* Recorded information
········

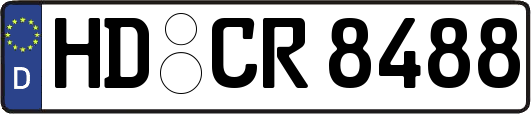 HD-CR8488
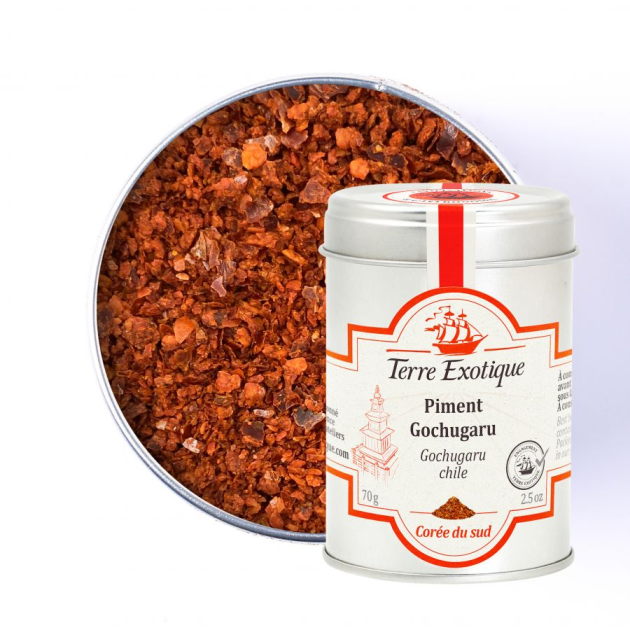 Piment Gochugaru 70 g Terre Exotique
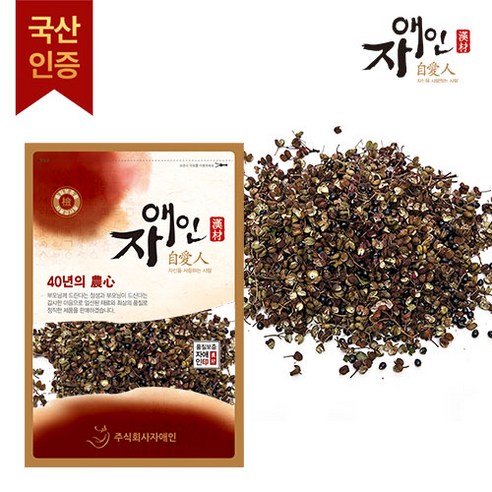 자애인- 제피100g 제피건조 천초 재피 국내산(전남구례), 100g, 1개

········

* What is being asked
Every line above gets copied exactly; none of the pictures do.

* Answer box
 HD-CR8488
 Piment Gochugaru 70 g Terre Exotique
 자애인- 제피100g 제피건조 천초 재피 국내산(전남구례), 100g, 1개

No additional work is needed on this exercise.